Tibet after the White Lotus Rebellion had huge areas literally resettled in freshly built stockades. I don't know what to make of that other than imprisoning an entire culture because it disagreed with Qing rule. Thankfully it isn't genocide, but forcing everyone out of their homes into what I can only interpret as prison camps is atrocious.

Unlike Europe, the nature of Qing political economy made this extremely unlikely without an abandonment of the Mencian system, which would mean so dramatic a political shift from the High Qing order that it would be meaningless to call it a "Qing" India, insofar as such a state would have abandoned most of the ideology (I.e. Mencius-oriented system of welfare and economic development and state acceptance of other civilizational traditions, such as Tibetan Buddhism) of the High Qing order. My argument is not based on examples as you seem to think; rather, the nature of Chinese political theory made intentional economic exploitation by the state unthinkable to officials. I outlined this in the OP by citing Wong.

Well, if you're going to insist on a China governed by a specific set of principles and policies, rather than the policies and pressures of that state, then you'll always get the India that you want. Political theory always changes as pressures prove it to be unsustainable. It may even be the case that Qing India is so radically different from Qing China that Mencian ideals are disregarded in the region as an obstruction to stability. However, I would still be honest enough to call it a Qing India.
 
@El Yanqui , I am not on my computer so can't make the answer your post deserves but I fully disagree.

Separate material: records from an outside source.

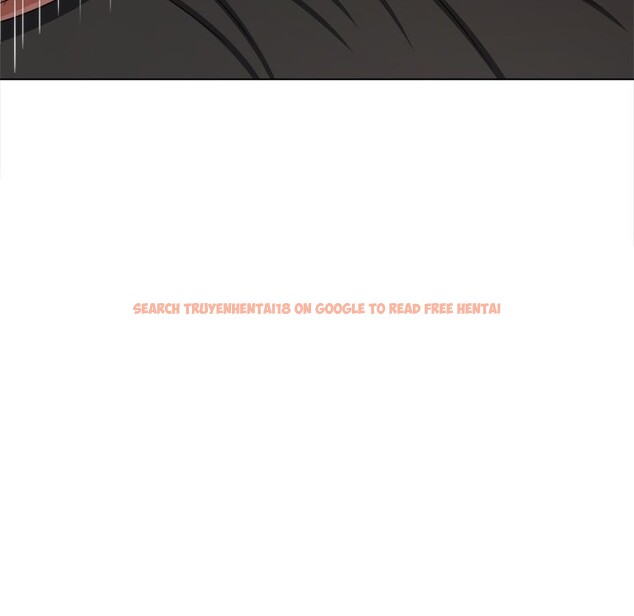 Read Hentai Image 197 d3fed in comic My High School Bully - Chapter 229 - www.hentaitnt.net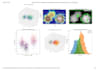 do 3d tree crown delineation and lidar point cloud segmentation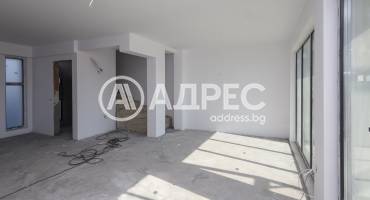 Къща/Вила, Созопол, м-ст Буджака, 647802, Снимка 5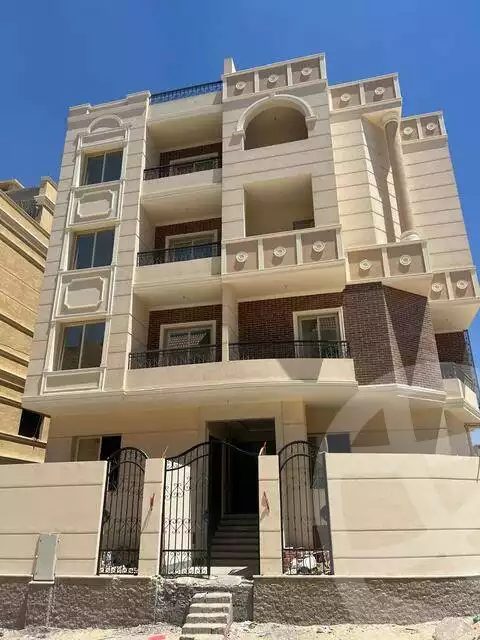 https://aqarmap.com.eg/en/listing/6092354-for-sale-cairo-new-cairo-new-narges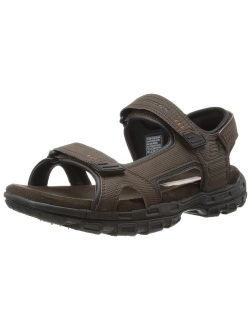 Men's Louden Sandal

Oman did commercial colonialism, Vietnam had settler colonies in Ciampa, Zeng He was also a brutal at times assertion of strength for commercial purposes and I'm sure I could find more examples
 
I do not think Chinese governance of the Tarim basin is good evidence for prospective Chinese governance of India. Control of the Tarim basin was for the purpose of securing trade routes. Your incentives there are to maintain stability and not upset the locals too much, so that trade passes through unhindered. A theoretical occupation of Indian principalities would be to have a source of raw materials, whereby your incentive is to minimise the cost of raw materials for domestic benefit. That encourages price controls and monopsony buying power. Note the difference in governance between French Quebec and the French Congo. Or, indeed, British Singapore and British India.

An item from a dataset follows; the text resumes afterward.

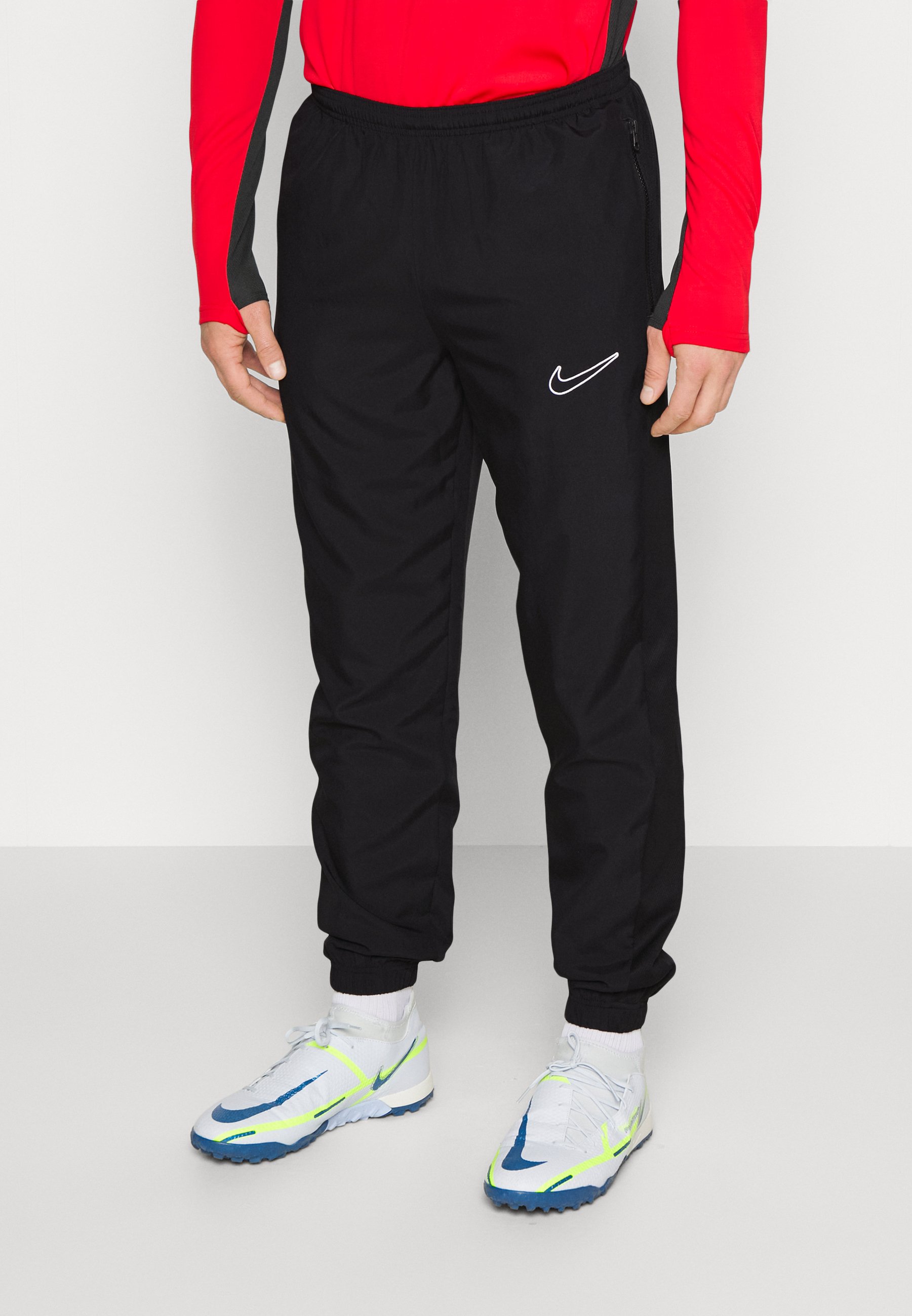 M NK DF ACD23 TRK PANT WP BR - Tracksuit bottoms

I would also contest the notion that racism would be lessened. Slavery cemented racial hierarchies for Africans in places where slavery was present, but didn't affect India. Well into the 1800s intermixing happened with Indians, despite British involvement in slavery for centuries at that point. Strong racism did not happen until the mid-1800s with the Raj bringing over a different class of Brits, and a much greater economic disparity having emerged between Britain and India by that time. Even then, the Indian zamindars and princes were not looked down upon that much. I imagine Chinese racism to Indians will similarly depend on the scale of economic difference between natives and colonialist.
 
Hold up. Has there even been any discussion of how China ended up with Indian territories on the Coromandel coast or in the OTL Madras presidency? How would China even under a peak Qing period (I'll admit this much, I know nothing about China except the Han Dynasty and a little bit about the start of the Ming) be able to fund a conquest of the principalities of the south?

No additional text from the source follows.